**ACTIVITY:** Only reproduce the lines from the line containing "Canvas Print Car wheel disk and tire" onward, exactly, through the final line of the data below.

Records from a data collection
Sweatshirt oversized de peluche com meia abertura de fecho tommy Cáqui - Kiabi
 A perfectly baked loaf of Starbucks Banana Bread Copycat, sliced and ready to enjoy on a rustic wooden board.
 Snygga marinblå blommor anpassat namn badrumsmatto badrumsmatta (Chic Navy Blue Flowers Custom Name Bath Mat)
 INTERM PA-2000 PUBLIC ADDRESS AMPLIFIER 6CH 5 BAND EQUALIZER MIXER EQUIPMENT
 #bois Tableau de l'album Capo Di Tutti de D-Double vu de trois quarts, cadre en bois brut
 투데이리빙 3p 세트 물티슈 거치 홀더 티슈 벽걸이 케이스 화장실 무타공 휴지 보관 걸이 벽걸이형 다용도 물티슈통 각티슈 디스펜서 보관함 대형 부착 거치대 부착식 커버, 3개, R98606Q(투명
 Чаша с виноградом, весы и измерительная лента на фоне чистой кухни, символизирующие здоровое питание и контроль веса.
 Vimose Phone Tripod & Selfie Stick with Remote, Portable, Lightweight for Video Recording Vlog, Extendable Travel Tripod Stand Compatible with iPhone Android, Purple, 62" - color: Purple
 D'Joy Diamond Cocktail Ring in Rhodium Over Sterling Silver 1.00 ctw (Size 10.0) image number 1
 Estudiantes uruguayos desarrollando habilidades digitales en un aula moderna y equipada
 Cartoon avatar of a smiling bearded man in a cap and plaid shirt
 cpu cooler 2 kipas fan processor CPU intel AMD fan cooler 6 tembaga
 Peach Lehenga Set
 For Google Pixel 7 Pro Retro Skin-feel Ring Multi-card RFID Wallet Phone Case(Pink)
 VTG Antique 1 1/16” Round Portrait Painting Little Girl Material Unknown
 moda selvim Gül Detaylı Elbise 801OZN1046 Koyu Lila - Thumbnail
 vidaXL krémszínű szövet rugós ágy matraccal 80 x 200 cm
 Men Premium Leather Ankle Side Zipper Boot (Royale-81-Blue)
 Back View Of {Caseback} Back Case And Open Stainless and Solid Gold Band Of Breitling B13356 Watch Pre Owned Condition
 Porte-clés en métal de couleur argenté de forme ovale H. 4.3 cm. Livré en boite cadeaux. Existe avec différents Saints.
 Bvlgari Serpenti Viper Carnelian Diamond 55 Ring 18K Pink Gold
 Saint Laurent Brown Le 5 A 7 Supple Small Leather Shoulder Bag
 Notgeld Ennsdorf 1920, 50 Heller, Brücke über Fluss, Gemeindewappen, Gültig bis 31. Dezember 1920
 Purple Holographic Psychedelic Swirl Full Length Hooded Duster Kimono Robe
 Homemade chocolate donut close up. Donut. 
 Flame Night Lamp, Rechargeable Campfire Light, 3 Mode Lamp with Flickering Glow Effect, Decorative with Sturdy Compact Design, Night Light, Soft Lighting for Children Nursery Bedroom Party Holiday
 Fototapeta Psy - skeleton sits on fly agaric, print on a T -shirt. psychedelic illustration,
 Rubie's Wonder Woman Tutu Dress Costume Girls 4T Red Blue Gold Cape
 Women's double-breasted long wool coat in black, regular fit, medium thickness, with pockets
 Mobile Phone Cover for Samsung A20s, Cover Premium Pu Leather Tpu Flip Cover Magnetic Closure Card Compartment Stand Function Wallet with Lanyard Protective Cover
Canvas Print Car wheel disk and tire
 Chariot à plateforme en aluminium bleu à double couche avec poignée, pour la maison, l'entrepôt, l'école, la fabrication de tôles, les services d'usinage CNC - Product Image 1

**FINISHED EXERCISE:**
Canvas Print Car wheel disk and tire
 Chariot à plateforme en aluminium bleu à double couche avec poignée, pour la maison, l'entrepôt, l'école, la fabrication de tôles, les services d'usinage CNC - Product Image 1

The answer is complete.